Uber: What Just Happened (and Why They’re About to Blow It)
By Les McKeown, CEO of Predictable Success
The last few days have effectively handed the car-sharing space to Uber’s competitors. It may take a while – my guess is 24-30 months or so – but expect the market to become increasingly disrupted and for Uber’s market share to markedly decrease.
How Uber Got Here
Let’s recap: Through aggressive marketing and an unsavory leadership culture, Uber had almost reached the holy grail of market dominance: the equivalization (I know, not a word, but you know what I mean) of their company name with their industry’s core activity.
Just as ‘Google’ is now the accepted verb for web-based search (in search of an easy titter? Just suggest someone ‘Bing’ the next thing they’re looking for online), so Uber was within a micron of attaining the same equivalence with ‘calling an Uber’.
Now, after three days of organizational mayhem, I predict that that goal will begin to recede into the rearview mirror faster than a cab driver reversing out of an unsavory alleyway.
What Came Next
First, Uber’s board – themselves under pressure for not acting on reports of sexual harassment and other horrendous cultural misfires – lock themselves away to consider forcing the CEO, Travis Kalanick, into a leave of absence. Except someone leaks the whole protracted discussion to the press.

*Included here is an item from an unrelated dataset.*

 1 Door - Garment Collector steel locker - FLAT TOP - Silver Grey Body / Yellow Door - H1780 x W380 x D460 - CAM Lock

Next, a prominent (male) board member makes a sexist comment during the company all-hands meeting at which the decision to send Kalanick on garden leave is revealed. (Which is also leaked to the press, leading the board member to resign.)
But then, the coup de grace. Kalanick will indeed leave for three months – and in his place, Uber will be run by a committee of 14 execs.
Huh? Uber – a market-dominating, still-fast-growing, but brittle organization – will be run by committee?
The chance of success with this approach is zero.
Add in the fact that Kalanick, the exiled CEO, isn’t really going away – he’s still CEO, and will undoubtedly be lobbing in his 2 cents from the sidelines.
Listen, co-CEOs alone (essentially a committee of two) are themselves enough to kill any company, let alone a committee of 14. (Oh, and by the way, the proposed committee includes a number of executives who are rumored to have materially contributed to the unconscionable culture inside Uber.)
To be clear, the board are intuitively struggling to do the right thing in terms of attaining Predictable Success – making the difficult move from dark-side heroic leadership to High-Quality, Team-Based Decision-Making (HQTBDM), but handing over the reins to a committee not only isn’t the way to do it, it’s a surefire recipe for disaster.